Under Section 7, Chapter 6 of the IRR, among the many
factors to consider in recommending MRP are the following:
“…Cost to the manufacturer, importer, trader,
distributor, wholesaler or retailer such as but not limited to: The exchange
rate of the peso to the foreign currency with which the drug or any of its
component, ingredient or raw material was paid for; Any change in the
amortization cost of machinery brought about by any change in the exchange rate
of the peso to the foreign currency with which the machinery was bought through
credit facilities; Any change in the cost of transporting or distributing the
medicines to the area of destination; Marketing Costs (per drug and total
global costs); Research Costs (local and global/per drug); Promotion Costs;
Advertising Costs; Incentives and Discounts; Taxes and other fees, impost,
duties, and other charges imposed by competent authority…”
These were not considered when price control was imposed
in 2009, and again not considered when price control will be imposed in 2019.

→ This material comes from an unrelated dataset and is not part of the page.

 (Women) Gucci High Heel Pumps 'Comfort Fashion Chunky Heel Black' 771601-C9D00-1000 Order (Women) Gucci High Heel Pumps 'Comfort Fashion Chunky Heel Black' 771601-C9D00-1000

The DoH, as main implementer of RA 9502, becomes the chief violator of the
provisions of the law — not good.
If we want cheaper medicines, there are many factors that
government itself can do. Like reducing or abolishing import duties on
medicines, taxes and VAT on medicines. Have more competition among pharma
companies, innovators and generics, more competition among drug stores and
pharmacies, among hospitals. Not to mention, reduce government corruption in
the procurement of medicines.
The main function of government in this case is to ensure
the good quality of medicines, to go after manufacturers and sellers of fake,
counterfeit, and substandard medicines. Cheap but substandard medicines can
kill when the disease is not controlled and mutates to something more serious.